Write What You Know: Is she Based on You?
Write what you know…
‘Is the woman based on you?’ my friend asks. ‘I mean, have you really behaved like that?’
Her eyes are widening, her brow furrowing; I can imagine the kind of thoughts crowding through her head. She has just read my novel and is wondering whether the protagonist I’ve created, may be ever so slightly autobiographical. This friend thought she knew me, but she’s now wondering whether the middle-aged woman in my story who has had affairs/ neglected her children/ lied to her friends/ embezzled her employer/ thrown her aged parents into a care home and stolen their money (delete as appropriate) may be based on a real-life person. Me. The author who created her.
‘No!’ I say, laughing too loudly, to show how ridiculous that is. ‘None of my characters are based on me. Not in the slightest. Or on anyone I know. Why would they be?’
Because of course the whole idea is ridiculous. The characters scattered throughout my books and stories are often caught up in traumatic situations. Their lives are unhappy and stressful (at least at the outset) and they do crazy things. One of my previous (unpublished) books was about a woman who falls in love with a stranger: she stalks him, becomes obsessed with his girlfriend and ruins her own marriage into the bargain. NOT me.
In my debut novel, A Thousand Tiny Disappointments, the main character, Martha, discovers her dead mother has left her home to the dog walker. Overwhelmed by other issues in her personal life and struggling with grief and resentment, Martha makes some bad decisions – the biggest of which is to destroy the evidence… Again, NOT me.
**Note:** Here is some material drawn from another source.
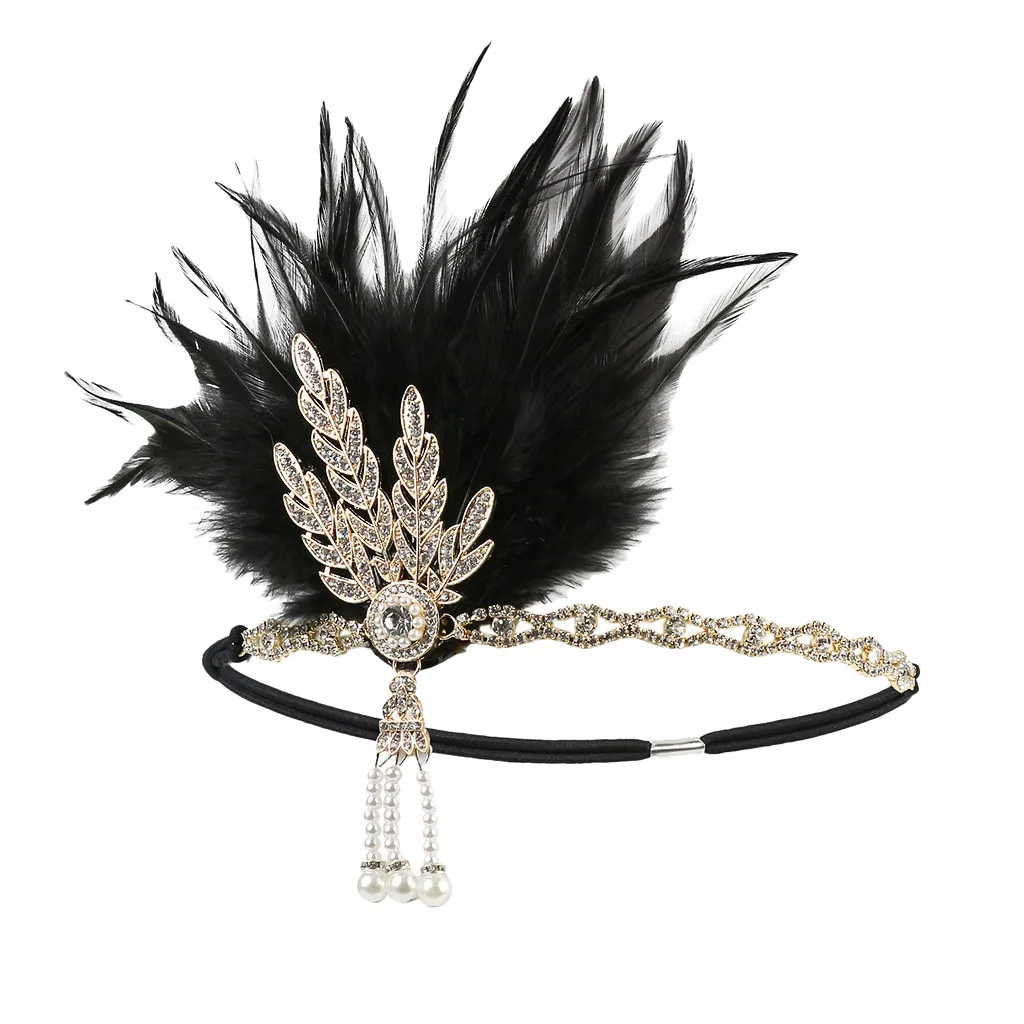1920s Headpiece Feather Flapper Headband Great Gatsby Headdress Vintage Prom 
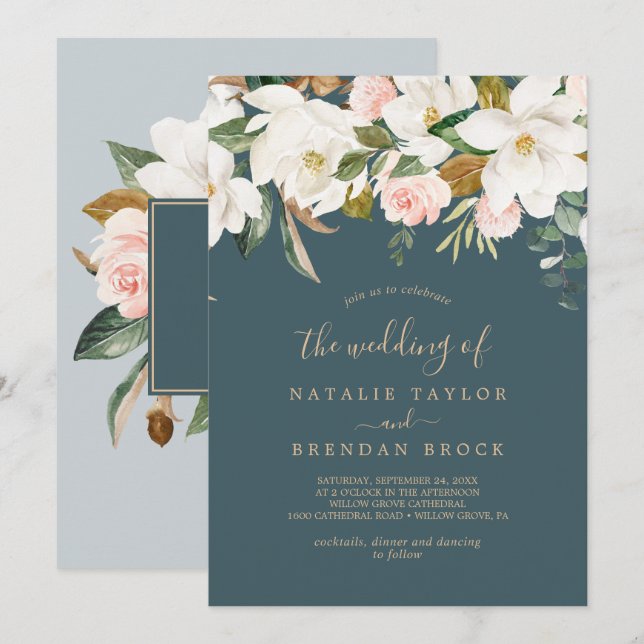 Elegant Magnolia | Teal and White The Wedding Of Invitation (Front/Back)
So, of course these women aren’t autobiographical. Hah! Perish the thought.
Except… maybe that’s not quite true? All authors write about what they know – we’re advised to do precisely that, because it’s what we’ll do best. If you write from personal experience, you can do it so much more intensely, because you know how it feels to say those words, to act in that way, to have those sorts of things happen to you.
I admit I’ve frequently stolen and reproduced characteristics: a neighbour whose hair is bright orange and piled into a teetering beehive, made it into short story (even if she never knew it) and I regularly listen in on (and jot down) snippets of conversation overheard at bus stops or in the supermarket.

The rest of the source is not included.